It also works for intel_pstate_notify_work() path as is without this
change.
To start with:
$ sudo rdmsr 0x771
6080c14
$ cat /sys/devices/system/cpu/cpu0/cpufreq/cpuinfo_*
2000000
800000
0
Now trigger a max frequency change via SST. intel_pstate_notify_work()
called because guaranteed also changed.

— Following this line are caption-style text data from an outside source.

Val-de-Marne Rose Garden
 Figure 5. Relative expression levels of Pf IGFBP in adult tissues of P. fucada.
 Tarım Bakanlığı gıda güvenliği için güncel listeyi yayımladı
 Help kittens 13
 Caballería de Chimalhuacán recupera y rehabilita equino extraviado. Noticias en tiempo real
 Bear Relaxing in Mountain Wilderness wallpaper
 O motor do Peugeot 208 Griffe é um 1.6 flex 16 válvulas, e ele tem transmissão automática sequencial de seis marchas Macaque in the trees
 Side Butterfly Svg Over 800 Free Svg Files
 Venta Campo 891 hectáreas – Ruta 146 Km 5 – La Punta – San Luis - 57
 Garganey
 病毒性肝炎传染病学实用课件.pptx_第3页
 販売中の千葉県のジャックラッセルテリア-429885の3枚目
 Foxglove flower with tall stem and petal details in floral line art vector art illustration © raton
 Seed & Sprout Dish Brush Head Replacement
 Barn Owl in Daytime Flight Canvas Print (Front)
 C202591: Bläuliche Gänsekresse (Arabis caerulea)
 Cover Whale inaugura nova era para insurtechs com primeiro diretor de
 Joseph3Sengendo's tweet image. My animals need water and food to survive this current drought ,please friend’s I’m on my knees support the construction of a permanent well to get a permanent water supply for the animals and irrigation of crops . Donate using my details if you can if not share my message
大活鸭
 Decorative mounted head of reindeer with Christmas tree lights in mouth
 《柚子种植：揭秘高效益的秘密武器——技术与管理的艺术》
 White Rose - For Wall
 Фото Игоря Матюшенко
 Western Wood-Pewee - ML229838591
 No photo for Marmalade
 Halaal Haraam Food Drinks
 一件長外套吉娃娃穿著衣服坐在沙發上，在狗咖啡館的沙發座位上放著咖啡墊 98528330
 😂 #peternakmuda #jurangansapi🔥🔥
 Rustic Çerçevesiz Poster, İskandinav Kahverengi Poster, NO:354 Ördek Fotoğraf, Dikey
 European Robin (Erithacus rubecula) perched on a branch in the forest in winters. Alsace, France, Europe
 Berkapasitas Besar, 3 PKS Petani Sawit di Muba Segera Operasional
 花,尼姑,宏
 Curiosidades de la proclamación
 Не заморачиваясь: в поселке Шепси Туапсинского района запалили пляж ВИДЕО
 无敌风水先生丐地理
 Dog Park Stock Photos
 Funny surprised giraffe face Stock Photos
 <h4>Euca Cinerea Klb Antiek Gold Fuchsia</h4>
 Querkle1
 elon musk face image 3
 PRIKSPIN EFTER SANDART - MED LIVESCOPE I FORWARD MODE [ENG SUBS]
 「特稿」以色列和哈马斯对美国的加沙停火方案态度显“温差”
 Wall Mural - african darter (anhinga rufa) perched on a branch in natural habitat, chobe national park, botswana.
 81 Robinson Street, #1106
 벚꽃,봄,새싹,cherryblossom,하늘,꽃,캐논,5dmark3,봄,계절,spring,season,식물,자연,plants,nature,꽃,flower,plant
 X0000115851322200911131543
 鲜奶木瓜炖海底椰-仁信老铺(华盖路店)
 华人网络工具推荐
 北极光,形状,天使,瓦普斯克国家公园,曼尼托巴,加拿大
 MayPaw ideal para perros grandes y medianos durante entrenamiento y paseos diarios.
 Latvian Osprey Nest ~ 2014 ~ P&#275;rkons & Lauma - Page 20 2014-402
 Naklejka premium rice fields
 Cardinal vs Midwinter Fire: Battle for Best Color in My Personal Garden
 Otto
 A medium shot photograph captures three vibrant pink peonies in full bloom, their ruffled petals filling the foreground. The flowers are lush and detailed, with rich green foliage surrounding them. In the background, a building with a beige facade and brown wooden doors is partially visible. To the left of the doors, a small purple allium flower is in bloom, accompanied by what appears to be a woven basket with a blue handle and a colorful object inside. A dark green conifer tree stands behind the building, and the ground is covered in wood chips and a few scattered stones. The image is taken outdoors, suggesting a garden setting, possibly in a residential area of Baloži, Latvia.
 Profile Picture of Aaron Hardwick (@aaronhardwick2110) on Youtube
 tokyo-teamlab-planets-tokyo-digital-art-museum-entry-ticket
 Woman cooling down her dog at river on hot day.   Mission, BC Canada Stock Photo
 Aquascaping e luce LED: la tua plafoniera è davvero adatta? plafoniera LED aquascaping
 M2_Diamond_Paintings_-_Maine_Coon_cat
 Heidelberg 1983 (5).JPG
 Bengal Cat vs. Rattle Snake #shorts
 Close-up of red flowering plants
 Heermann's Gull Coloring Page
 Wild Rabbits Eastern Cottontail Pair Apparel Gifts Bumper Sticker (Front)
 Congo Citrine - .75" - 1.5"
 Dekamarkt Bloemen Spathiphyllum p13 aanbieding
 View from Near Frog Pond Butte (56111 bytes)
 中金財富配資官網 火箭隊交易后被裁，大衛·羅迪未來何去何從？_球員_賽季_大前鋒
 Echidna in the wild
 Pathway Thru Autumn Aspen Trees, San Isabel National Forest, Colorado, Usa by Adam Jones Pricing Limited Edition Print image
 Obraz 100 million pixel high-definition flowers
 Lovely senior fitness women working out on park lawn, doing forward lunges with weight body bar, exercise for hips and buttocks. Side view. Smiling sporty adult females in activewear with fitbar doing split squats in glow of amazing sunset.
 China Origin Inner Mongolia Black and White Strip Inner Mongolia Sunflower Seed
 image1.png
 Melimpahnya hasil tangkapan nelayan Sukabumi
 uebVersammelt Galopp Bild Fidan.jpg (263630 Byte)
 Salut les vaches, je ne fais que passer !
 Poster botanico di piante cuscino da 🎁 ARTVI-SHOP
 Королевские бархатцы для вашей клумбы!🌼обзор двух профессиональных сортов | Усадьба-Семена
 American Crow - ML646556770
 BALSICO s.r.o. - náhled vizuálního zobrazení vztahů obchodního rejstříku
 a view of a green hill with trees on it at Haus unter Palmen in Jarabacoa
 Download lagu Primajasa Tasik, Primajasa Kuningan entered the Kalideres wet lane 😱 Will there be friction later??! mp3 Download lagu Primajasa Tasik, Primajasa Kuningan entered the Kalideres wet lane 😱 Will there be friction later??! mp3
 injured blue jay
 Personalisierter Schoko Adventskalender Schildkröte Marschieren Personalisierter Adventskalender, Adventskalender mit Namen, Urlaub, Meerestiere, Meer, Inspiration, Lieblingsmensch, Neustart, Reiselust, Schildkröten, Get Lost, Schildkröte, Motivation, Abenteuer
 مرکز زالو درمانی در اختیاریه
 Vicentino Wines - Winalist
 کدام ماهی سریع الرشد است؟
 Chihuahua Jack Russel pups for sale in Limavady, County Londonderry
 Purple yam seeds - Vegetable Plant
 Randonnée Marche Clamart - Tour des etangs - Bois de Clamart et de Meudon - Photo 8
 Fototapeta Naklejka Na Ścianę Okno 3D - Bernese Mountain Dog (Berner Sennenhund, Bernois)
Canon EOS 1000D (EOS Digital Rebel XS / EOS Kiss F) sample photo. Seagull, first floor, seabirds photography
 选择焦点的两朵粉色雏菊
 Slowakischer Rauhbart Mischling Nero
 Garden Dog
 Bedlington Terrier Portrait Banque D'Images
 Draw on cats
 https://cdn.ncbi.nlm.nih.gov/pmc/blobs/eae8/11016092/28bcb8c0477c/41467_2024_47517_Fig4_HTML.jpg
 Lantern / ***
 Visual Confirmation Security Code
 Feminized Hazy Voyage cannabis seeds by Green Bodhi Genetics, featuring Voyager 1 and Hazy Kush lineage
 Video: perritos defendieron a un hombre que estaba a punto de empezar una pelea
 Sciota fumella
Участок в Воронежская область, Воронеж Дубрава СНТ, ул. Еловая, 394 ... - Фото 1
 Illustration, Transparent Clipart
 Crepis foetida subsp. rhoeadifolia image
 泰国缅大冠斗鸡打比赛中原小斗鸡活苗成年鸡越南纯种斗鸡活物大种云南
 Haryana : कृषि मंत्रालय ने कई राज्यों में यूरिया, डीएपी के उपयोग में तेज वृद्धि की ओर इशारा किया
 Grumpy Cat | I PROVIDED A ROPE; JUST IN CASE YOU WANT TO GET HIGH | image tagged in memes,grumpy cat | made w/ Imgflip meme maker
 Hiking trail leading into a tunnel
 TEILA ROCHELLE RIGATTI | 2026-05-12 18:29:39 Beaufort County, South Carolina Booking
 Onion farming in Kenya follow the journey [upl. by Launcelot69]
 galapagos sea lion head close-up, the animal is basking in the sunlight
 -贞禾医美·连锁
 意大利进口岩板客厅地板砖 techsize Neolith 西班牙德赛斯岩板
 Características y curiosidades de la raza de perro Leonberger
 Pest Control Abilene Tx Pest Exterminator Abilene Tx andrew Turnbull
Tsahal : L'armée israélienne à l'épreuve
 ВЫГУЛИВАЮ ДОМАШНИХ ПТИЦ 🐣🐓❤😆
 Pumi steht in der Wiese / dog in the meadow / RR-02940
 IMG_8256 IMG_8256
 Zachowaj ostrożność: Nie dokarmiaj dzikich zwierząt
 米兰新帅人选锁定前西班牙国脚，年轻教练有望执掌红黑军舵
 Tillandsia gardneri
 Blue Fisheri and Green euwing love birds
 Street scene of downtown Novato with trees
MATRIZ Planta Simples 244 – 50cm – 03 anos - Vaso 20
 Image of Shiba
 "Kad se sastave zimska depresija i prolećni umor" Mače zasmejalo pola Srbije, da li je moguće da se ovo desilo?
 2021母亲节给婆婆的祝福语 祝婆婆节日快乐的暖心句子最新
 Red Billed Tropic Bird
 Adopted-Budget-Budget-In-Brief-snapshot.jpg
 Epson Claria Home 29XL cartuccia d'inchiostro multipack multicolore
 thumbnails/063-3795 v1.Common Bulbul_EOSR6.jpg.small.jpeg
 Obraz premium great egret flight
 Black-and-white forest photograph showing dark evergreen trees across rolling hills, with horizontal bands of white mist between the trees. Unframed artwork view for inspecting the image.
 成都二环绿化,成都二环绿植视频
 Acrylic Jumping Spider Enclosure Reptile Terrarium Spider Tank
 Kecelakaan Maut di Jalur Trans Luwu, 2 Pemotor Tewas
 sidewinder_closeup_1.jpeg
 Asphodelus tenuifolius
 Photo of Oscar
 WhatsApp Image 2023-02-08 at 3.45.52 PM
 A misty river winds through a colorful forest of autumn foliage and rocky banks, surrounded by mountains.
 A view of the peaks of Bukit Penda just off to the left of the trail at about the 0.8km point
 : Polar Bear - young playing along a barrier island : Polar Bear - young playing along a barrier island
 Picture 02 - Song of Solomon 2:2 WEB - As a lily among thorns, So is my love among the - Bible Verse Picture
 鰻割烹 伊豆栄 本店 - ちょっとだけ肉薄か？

We didn't subscribe for max
change only (although we should).
Max changed from 2GHz to 1.9 GHz.
$ sudo rdmsr 0x771
6080e13
[labuser@gnr-bkc ~]$ cat /sys/devices/system/cpu/cpu0/cpufreq/cpuinfo_*
1900000
800000
0
Now trigger SST to change to max frequency to 2GHz.
sudo rdmsr 0x771
6080c14
cat /sys/devices/system/cpu/cpu0/cpufreq/cpuinfo_*
2000000
800000
0
May be you mean something else.
Thanks,
Srinivas
>
> Make all of them mutually consistent.
>
> Signed-off-by: Rafael J. Wysocki <[email protected]>
> ---
> drivers/cpufreq/intel_pstate.c | 23 ++++++++++++++++++-----
> 1 file changed, 18 insertions(+), 5 deletions(-)
>
> Index: linux-pm/drivers/cpufreq/intel_pstate.c
> ===================================================================
> --- linux-pm.orig/drivers/cpufreq/intel_pstate.c
> +++ linux-pm/drivers/cpufreq/intel_pstate.c
> @@ -1153,18 +1153,32 @@ static void intel_pstate_update_policies
> static void __intel_pstate_update_max_freq(struct cpudata *cpudata,
> struct cpufreq_policy
> *policy)
> {
> + intel_pstate_get_hwp_cap(cpudata);
> +
> policy->cpuinfo.max_freq = READ_ONCE(global.no_turbo) ?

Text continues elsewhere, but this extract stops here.